▶ **Task**
Please give back every entry in full, word for word, but none of the pictures.

Short web captions
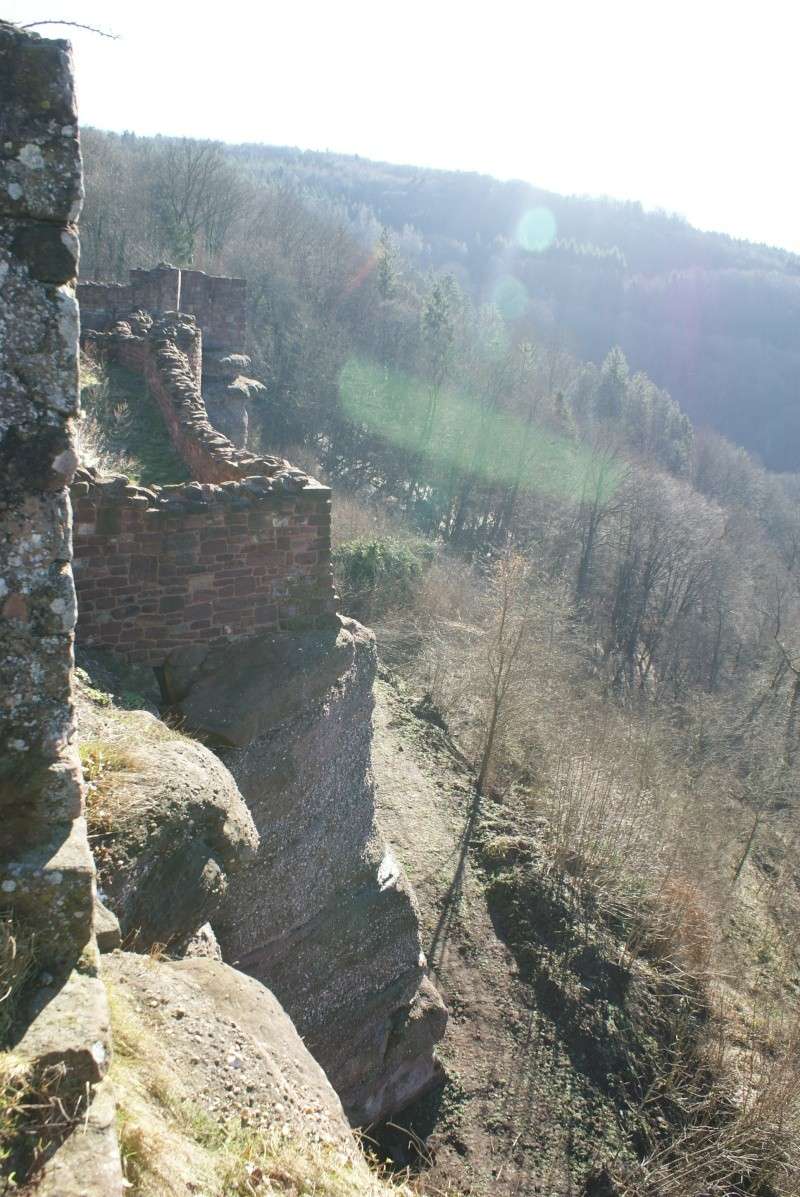 lutzelbourg - Le chateau de lutzelbourg Dsc01722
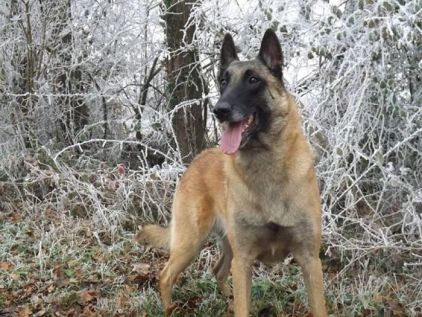 Photo de Doucer, Berger Belge Malinois pure race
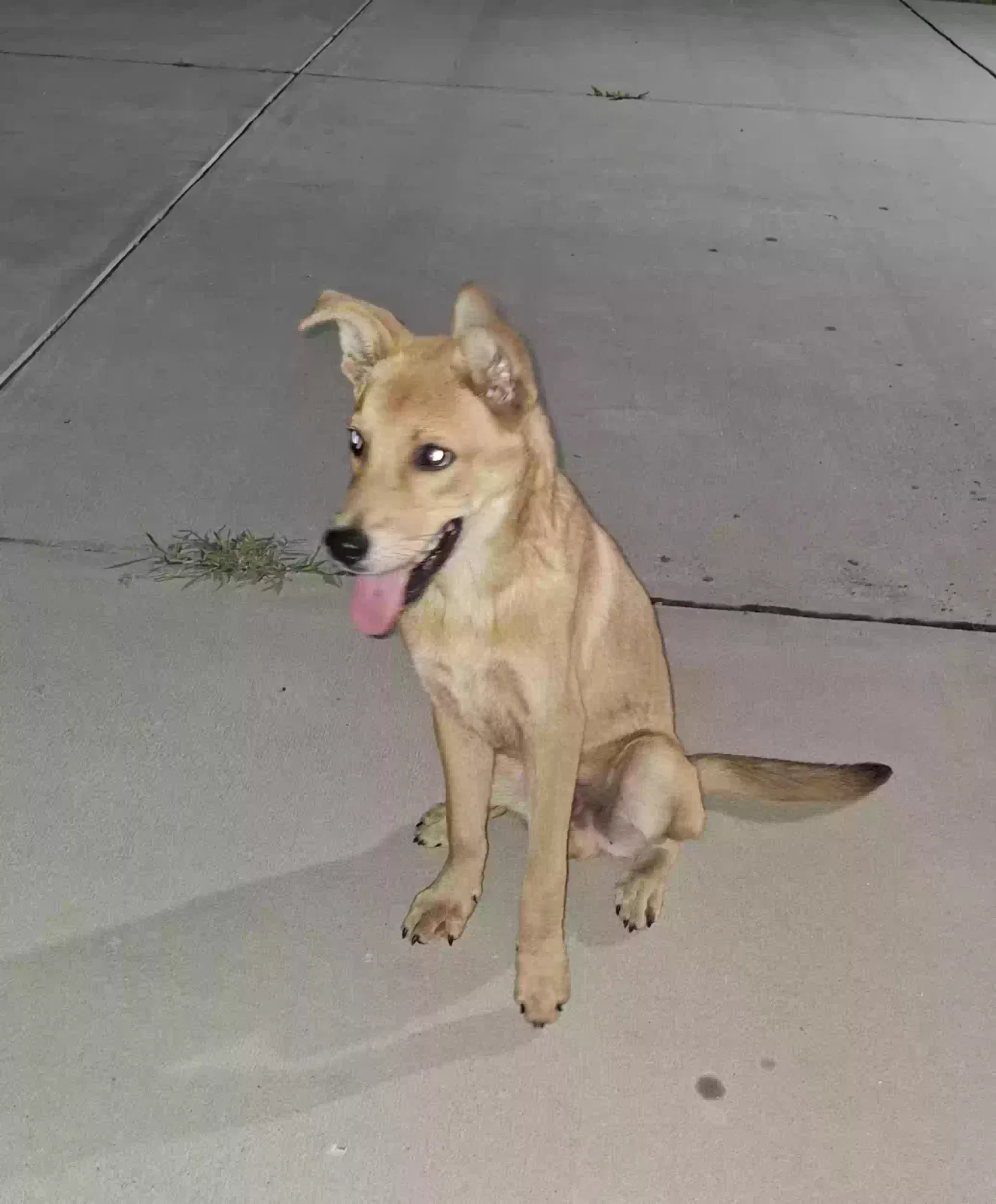 Found dog in Lumberton, NC, 28360
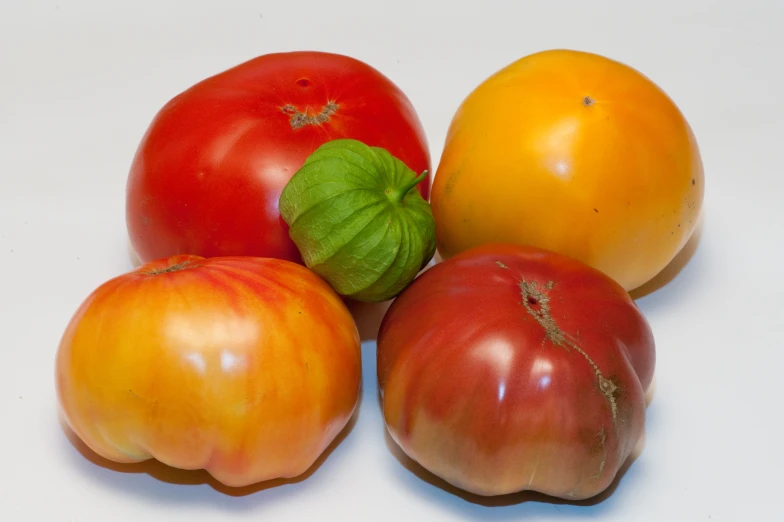 a group of five tomatoes on a white surface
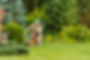 professional lawn care worker trimming bush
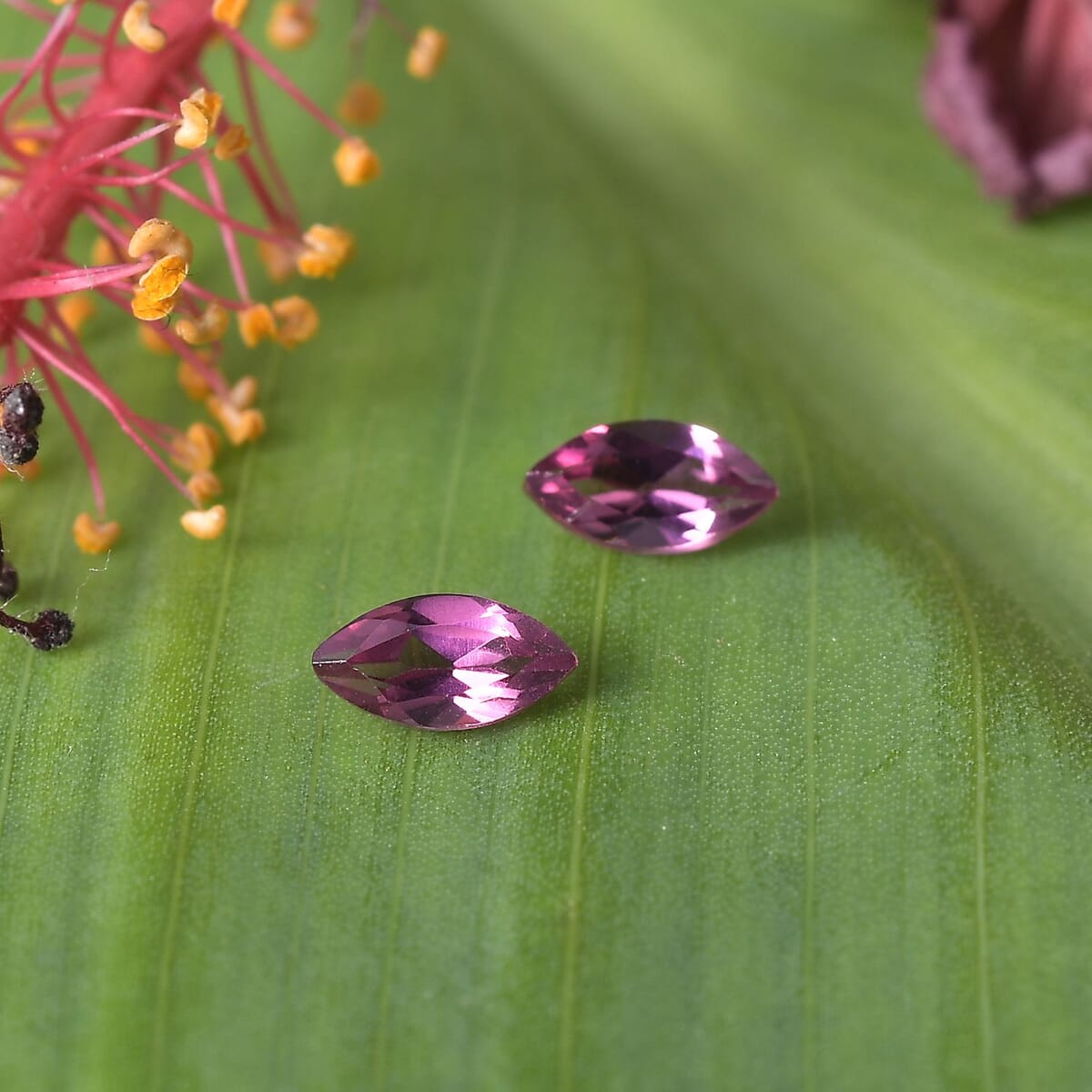 Orissa Rose Garnet Set of 2 (Mrq 5x2.5 mm) 0.33 ctw Loose Gemstone image number 1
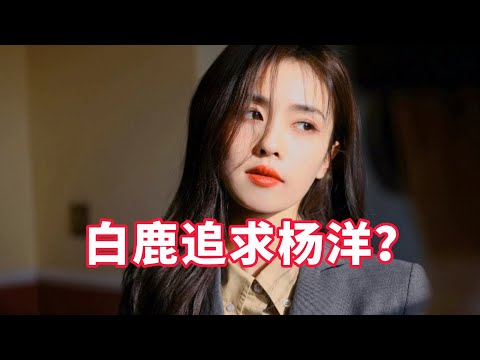 【星咖娱乐秀】白鹿杨洋要合作新剧 剧组夫妻板上钉钉？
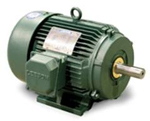 Leeson Severe Duty Motor Image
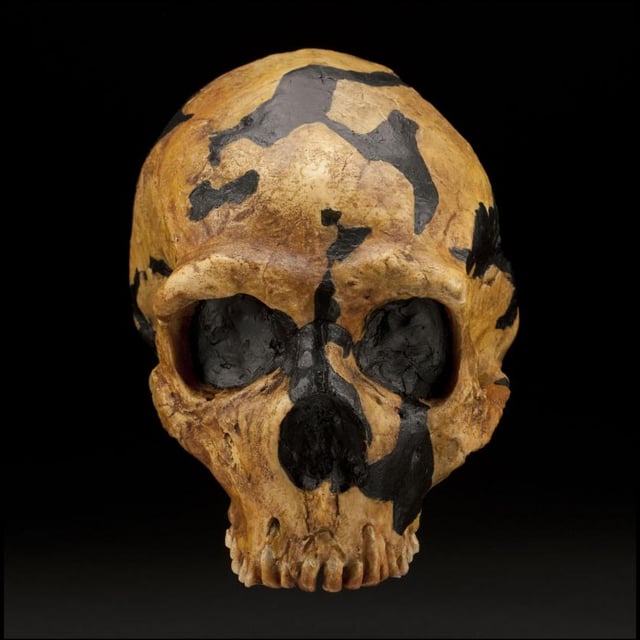 Shanidar 1, skull cast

▶ **Answer area**
 lutzelbourg - Le chateau de lutzelbourg Dsc01722
 Photo de Doucer, Berger Belge Malinois pure race
 Found dog in Lumberton, NC, 28360
 a group of five tomatoes on a white surface
 professional lawn care worker trimming bush
 Orissa Rose Garnet Set of 2 (Mrq 5x2.5 mm) 0.33 ctw Loose Gemstone image number 1
 【星咖娱乐秀】白鹿杨洋要合作新剧 剧组夫妻板上钉钉？
 Leeson Severe Duty Motor Image
 Shanidar 1, skull cast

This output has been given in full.